NASA's internal plans had called for Ares V to go to the moon in 2018, though the agency had announced a public goal of 2020. Internal deadlines are used by NASA to keep programs on track and to provide a margin of error for developmental problems.

But because of growing budget woes, the agency is resetting its internal date to 2020. And privately, engineers say that means the public 2020 date to send humans back to the moon is in deepening trouble."

Big surprise?

Just how do national technology programs, dependent as they are on long-term planning, operate within the priorities of governments built on short-term thinking?

When the Apollo program was shut down and Congress began funding the Space Shuttle in 1971, Columbia was slated for its first launch in 1976.

Whether or not there were more than just operational problems, like development of the heat shield tiles in the delay, we should remember that aside from the Apollo-Soyuz mission in 1975 no manned space program was carried out by the United States for nearly nine years from December 1972 until April 1981.

Fretting about the possible five year delay between Shuttle retirement and manned testing of Constellation always seemed a bit optimistic to the Pioneers. NASA is seen as low-hanging fruit for many in Congress. And just this week we learned that the testing alone of the new Regenerative Fuel Cell (RFC) technology planned for use on the Moon by the lunar electric rover may take a nominal six years.

But our skepticism is really not based on American ability or on the technological challenge. It is instead based on Congress, which is designed to be nearsighted, with eyes that can't see beyond two years. The whole of the House of Representatives and one-third of the Senate must account to their voters every two years, and we would not have it any other way.

But NASA was gutted by Congress and the Nixon administration in 1971, and the agency ultimately solved its long-term manned program budgeting problems by enshrining them in an all-but-permanent Space Shuttle, that could be throttled forward or backward but became too beloved to ever consider defunding, its original reason for being and that fact that its cost never matched the original expectations long forgotten.

For the past six years following the harsh lesson of Columbia the limitations of the Shuttle cannot be ignored or "worked around." It is long-past time to move on, and quickly.

In 1971 Congress faced the cost of the remaining Apollo missions and NASA's plans for the years that were to follow and instead were sold the Space Shuttle because of those hoped-for efficiencies and savings.

Without denigrating the twenty-eight years of Shuttle operations it's a good time to remember the fact that time and cost of its development and operation far exceeded what Congress had hoped. It was the same for the Interstate Defense Highway System, originally projected to cost $3 million a mile in 1957, but before its completion in 1990 cost $100 million a mile and often far more.

Dreaming, for a moment, consider: If national commitment were made to return to the Moon by 2014 there would be many saying it couldn't be done.

Many more would know, from experience, that not only could it be done but that it should be done, and further, the United States is still singularly qualified to make it happen.

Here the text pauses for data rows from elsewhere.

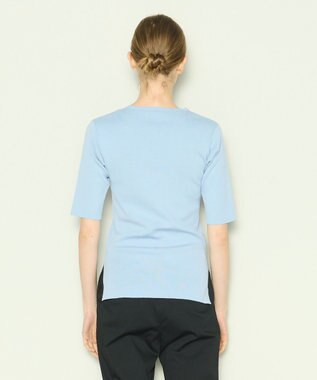 JOSEPH 【洗える】フィールコットン　ニットTEE Sky blue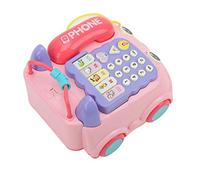 Jouet Téléphonique pour bébé de Dessin animé avec Fonction D'appel et de Chat pour des Activités d'apprentissage Interactives pour Les Enfants de Plus de 18 Mois en Plastique 1 unité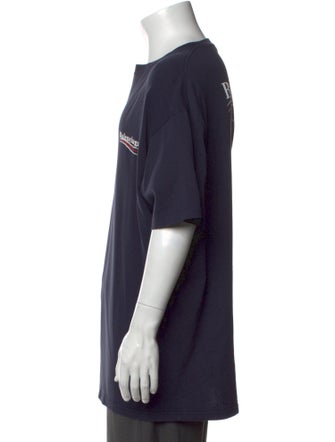 Balenciaga Graphic Print Crew Neck T-Shirt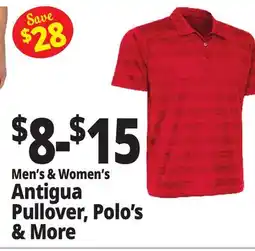 Ocean State Job Lot Men's & Women's Antigua Pullover, Polo's & More offer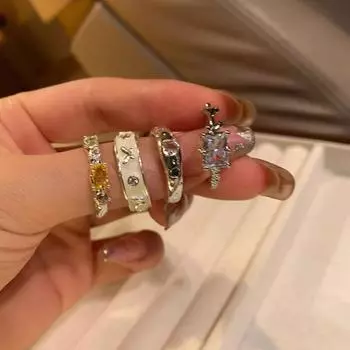 Выбор владельца: Стильное и уникальное роскошное кольцо на указательный палец для женщин – модный, уникальный дизайн с индивидуальностью.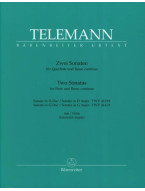 Georg Philipp Telemann: 2 Sonatas (noty na příčnou flétnu, basso continuo)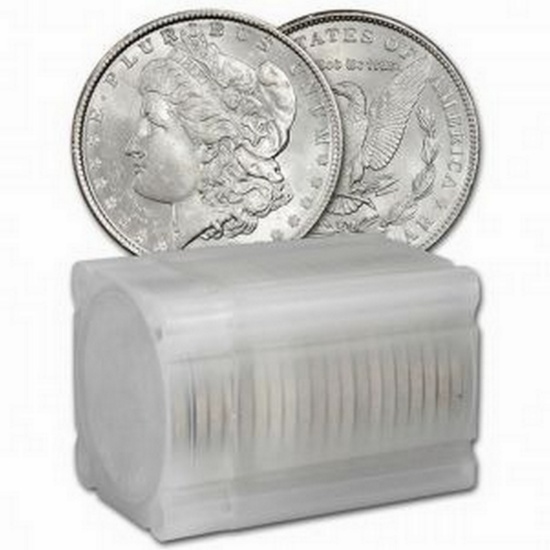 [20] 1921 Morgan Silver Dollar  Roll Nice CIRC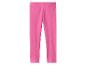 Leuchtend pinke Kinderleggings mit elastischem Bund.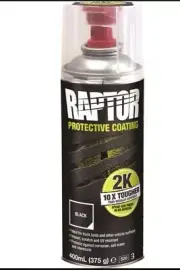Raptor 2k Black Paint ×6 Cans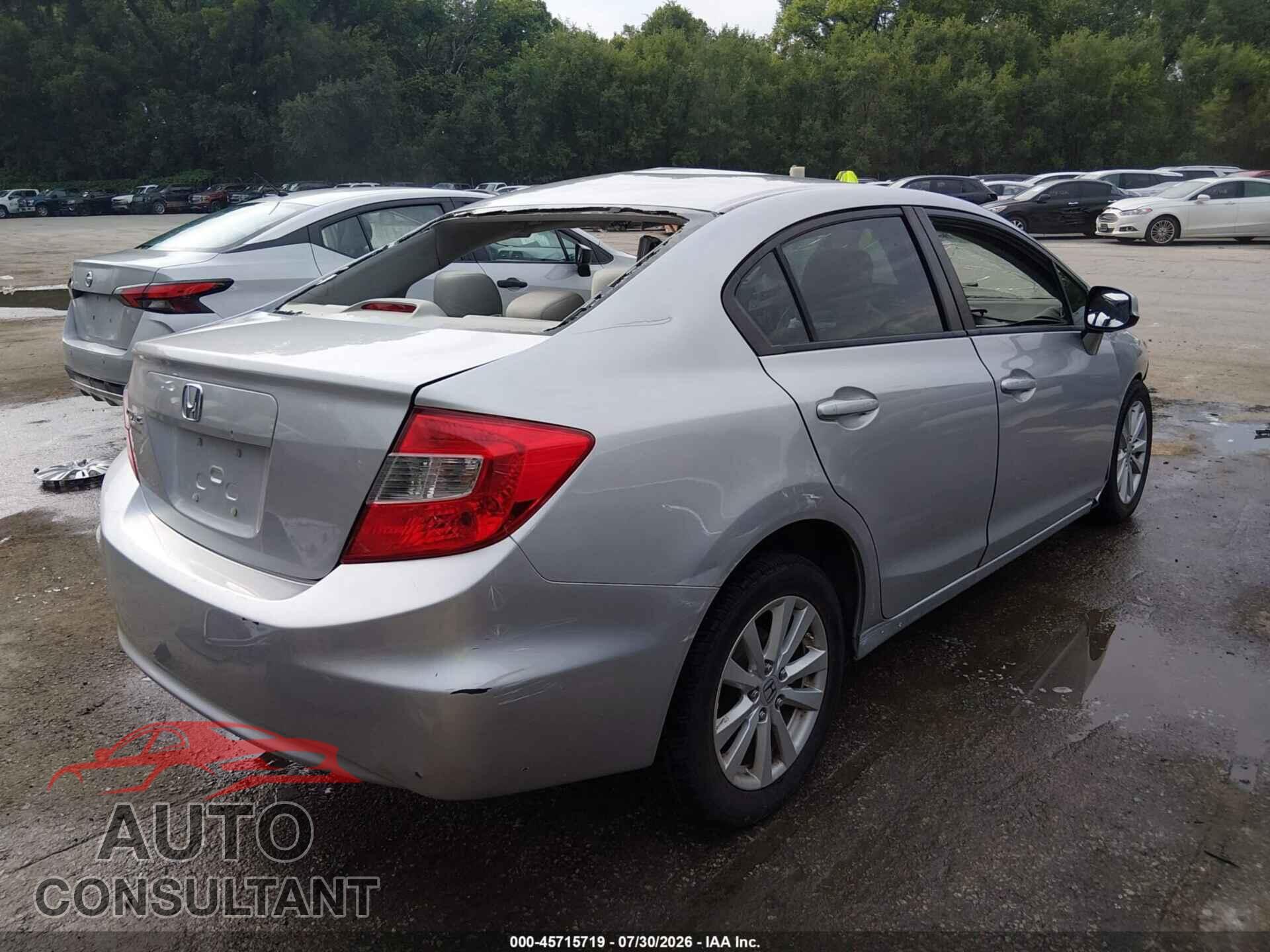 HONDA CIVIC 2012 - 19XFB2F82CE029704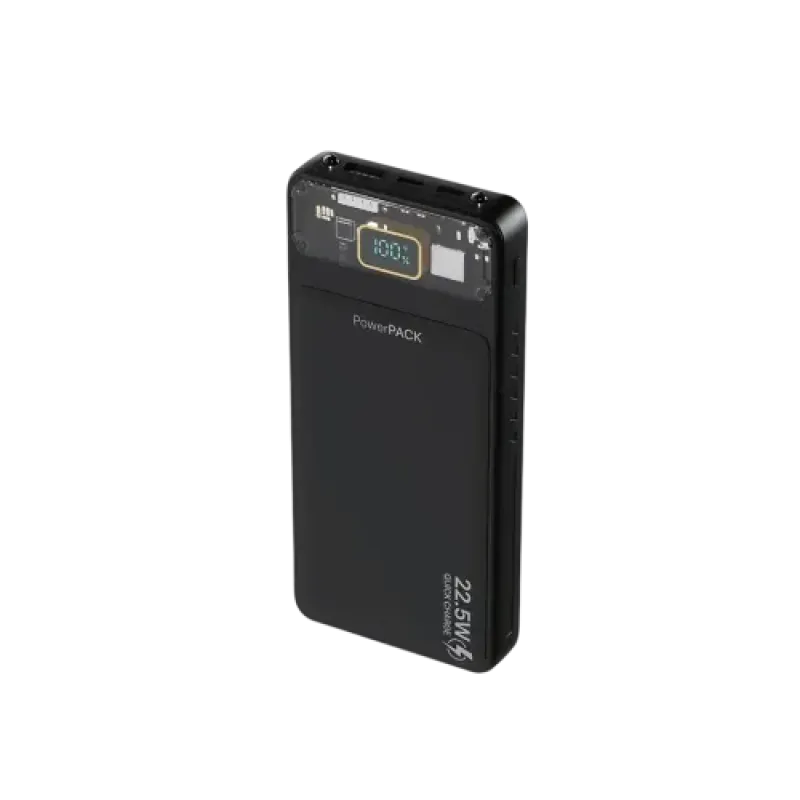 Fantech T1 10000mAh Mini 22.5W Fast Charging Transparent Display Power Bank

Sure, it would be expensive. It's going to be expensive regardless. Experience, particularly when comparing the differences between developmental and operational costs of the Shuttle as projected in 1971 when tallied against the cost by 1981, and the cost per mission over over the decades that followed also has shown there are reasons to be cautious and methodical but there are big disadvantages to the slow approach too.

Open-ended time allotments can become a fool's trap. The cost of Constellation is going to similarly grow and long before the first manned launch of Orion, already slipping, as expected, closer and closer to a decade from now and perhaps more.

The haste that led to the Apollo 1 fire and that later crowded out safety ahead of the loss of Challenger in 1986, and the maybe the loss of Columbia six years ago has made us too cautious.

Other lessons, learned from development of new defense programs and spacecraft including the Shuttle seem to have been forgotten.

There are vested interests, "rent-seekers" economists call them, camp followers who make more money in slowing development of certain programs which always seem to double and triple and redouble again before the shaky Roll-Out, and sky-rocket a program's projected development's costs.

It's likely Constellation will cost roughly the same over the long run whether held to a schedule or methodically introduced on an essentially open-ended schedule. We should be looking at those hard-won and expensive lessons, also.